EXERCISE GOAL:
Reproduce the listing below word for word and exclude any picture.

AVAILABLE DATA:
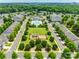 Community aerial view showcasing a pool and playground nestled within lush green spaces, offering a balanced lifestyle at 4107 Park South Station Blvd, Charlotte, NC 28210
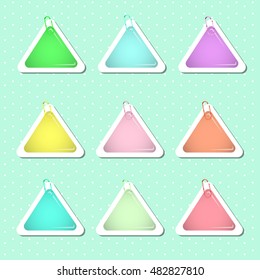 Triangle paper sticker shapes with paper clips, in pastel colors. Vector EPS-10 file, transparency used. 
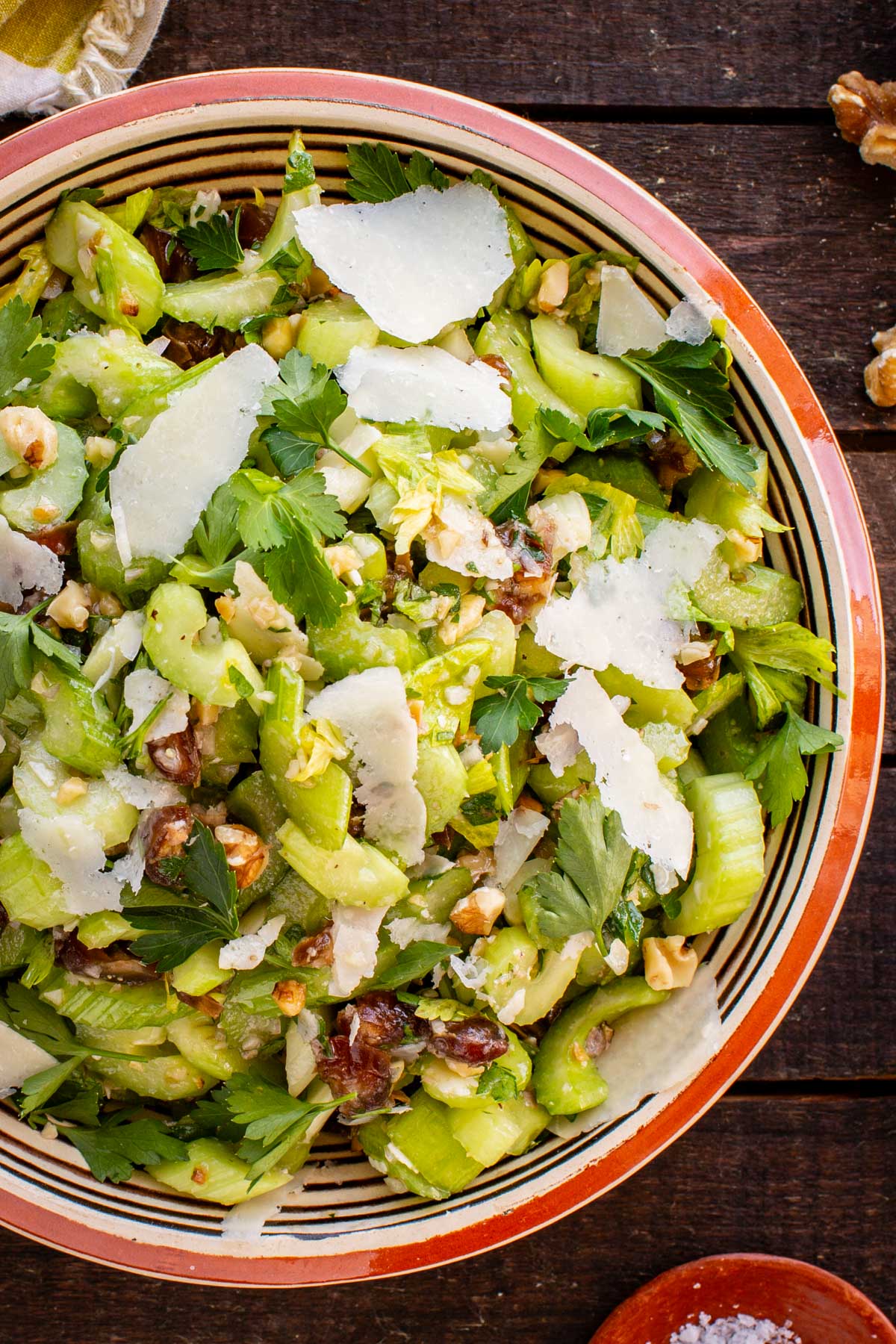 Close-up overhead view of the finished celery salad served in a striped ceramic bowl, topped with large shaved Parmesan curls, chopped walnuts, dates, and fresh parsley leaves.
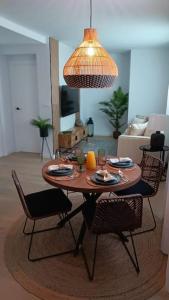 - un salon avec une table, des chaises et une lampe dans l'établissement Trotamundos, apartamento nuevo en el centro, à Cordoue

RESPONSE:
 Community aerial view showcasing a pool and playground nestled within lush green spaces, offering a balanced lifestyle at 4107 Park South Station Blvd, Charlotte, NC 28210
 Triangle paper sticker shapes with paper clips, in pastel colors. Vector EPS-10 file, transparency used. 
 Close-up overhead view of the finished celery salad served in a striped ceramic bowl, topped with large shaved Parmesan curls, chopped walnuts, dates, and fresh parsley leaves.
 - un salon avec une table, des chaises et une lampe dans l'établissement Trotamundos, apartamento nuevo en el centro, à Cordoue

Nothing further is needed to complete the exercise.